Les perspectives continuent de se dégrader au Mexique, un des pays les plus exposés à la politique économique américaine. L’économie mexicaine devrait se contracter dans les trimestres à venir, la faiblesse de la demande intérieure ne permettant pas de compenser le ralentissement marqué des exportations. Le ministre de l’Économie mexicain a entamé des discussions avec Washington en vue d’une renégociation plus rapide que prévu du traité de libre-échange USMCA. Elles doivent permettre de réduire l’incertitude à court terme concernant les relations bilatérales entre les deux pays.
Légère récession en vue L’activité économique a mieux résisté que prévu au premier trimestre 2025. Le PIB a ainsi progressé de 0,8% en glissement annuel au T1 (après 0,4%. au T4).
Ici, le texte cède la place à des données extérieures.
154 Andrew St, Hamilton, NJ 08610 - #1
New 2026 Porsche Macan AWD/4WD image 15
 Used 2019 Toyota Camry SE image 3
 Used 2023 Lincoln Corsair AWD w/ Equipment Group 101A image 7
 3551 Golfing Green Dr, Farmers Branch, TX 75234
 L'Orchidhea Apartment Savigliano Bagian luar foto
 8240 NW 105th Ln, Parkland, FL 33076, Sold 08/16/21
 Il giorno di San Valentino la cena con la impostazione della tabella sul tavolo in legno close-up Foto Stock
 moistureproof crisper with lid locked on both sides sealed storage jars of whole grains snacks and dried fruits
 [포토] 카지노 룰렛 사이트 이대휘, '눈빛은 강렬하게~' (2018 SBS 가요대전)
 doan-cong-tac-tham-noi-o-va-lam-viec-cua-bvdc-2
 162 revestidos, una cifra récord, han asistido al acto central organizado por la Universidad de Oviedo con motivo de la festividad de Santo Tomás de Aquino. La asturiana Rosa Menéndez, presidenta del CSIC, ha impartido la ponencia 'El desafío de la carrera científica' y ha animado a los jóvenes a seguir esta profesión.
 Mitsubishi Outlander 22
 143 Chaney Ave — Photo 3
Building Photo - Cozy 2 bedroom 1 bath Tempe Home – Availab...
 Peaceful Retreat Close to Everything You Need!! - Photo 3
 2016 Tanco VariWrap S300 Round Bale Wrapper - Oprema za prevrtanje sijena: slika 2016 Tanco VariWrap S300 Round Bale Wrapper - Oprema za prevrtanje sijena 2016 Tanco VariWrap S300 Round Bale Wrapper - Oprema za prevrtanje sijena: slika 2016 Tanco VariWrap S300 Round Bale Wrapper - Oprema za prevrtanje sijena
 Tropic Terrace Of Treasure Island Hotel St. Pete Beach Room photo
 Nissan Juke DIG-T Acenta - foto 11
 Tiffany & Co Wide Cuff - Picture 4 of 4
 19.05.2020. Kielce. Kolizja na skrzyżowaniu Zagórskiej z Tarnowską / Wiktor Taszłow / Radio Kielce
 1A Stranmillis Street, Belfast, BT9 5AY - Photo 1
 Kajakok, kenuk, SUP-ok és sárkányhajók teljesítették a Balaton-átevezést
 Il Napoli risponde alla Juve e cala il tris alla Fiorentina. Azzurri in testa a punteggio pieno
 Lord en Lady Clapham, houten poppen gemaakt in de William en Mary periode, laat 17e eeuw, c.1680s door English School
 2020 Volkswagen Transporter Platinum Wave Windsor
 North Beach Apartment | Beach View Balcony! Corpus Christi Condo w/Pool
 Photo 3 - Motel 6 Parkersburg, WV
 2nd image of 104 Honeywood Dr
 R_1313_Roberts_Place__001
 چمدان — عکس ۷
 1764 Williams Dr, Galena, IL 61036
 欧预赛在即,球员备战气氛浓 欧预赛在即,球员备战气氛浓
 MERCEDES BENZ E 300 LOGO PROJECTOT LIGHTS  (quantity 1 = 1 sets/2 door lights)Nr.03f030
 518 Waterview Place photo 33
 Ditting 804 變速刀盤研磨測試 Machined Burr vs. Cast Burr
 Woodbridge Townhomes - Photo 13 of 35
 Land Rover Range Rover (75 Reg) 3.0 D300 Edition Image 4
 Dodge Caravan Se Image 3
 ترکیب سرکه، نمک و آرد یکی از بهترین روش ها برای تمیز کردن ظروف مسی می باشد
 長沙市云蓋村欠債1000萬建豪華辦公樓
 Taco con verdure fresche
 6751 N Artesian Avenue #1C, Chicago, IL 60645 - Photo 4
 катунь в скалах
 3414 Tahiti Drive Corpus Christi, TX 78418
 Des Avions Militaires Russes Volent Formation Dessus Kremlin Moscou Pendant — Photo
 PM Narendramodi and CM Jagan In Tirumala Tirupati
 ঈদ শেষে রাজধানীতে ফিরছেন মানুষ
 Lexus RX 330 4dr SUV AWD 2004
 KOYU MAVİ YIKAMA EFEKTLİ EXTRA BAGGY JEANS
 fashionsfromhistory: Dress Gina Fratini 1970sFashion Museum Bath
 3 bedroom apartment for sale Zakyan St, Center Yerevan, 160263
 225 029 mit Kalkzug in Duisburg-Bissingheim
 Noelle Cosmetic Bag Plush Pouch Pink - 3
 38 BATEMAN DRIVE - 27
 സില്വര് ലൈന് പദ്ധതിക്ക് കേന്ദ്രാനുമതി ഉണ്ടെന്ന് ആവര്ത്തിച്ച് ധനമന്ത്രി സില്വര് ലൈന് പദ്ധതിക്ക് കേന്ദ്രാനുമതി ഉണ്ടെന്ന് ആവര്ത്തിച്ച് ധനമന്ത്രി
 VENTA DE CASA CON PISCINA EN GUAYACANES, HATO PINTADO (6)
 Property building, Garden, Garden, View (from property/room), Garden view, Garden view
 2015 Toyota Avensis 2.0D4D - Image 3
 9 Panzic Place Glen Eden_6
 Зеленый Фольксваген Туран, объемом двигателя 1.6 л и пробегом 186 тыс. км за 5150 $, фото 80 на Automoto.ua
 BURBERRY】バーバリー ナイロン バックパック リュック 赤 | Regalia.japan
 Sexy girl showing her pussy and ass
Le détail des composantes du PIB n’est pas encore connu mais les données conjoncturelles suggèrent que la croissance a largement été soutenue par le dynamisme des exportations (+3,6% en g.a.). Cela est dû à l’anticipation des droits de douanes supplémentaires annoncés par l’administration Trump. Les autres indicateurs (consommation privée, production industrielle, emploi) signalent à l’inverse un ralentissement marqué de l’activité. L’indice mensuel d’investissement a aussi très fortement reculé (-7% en g.a.) au T1.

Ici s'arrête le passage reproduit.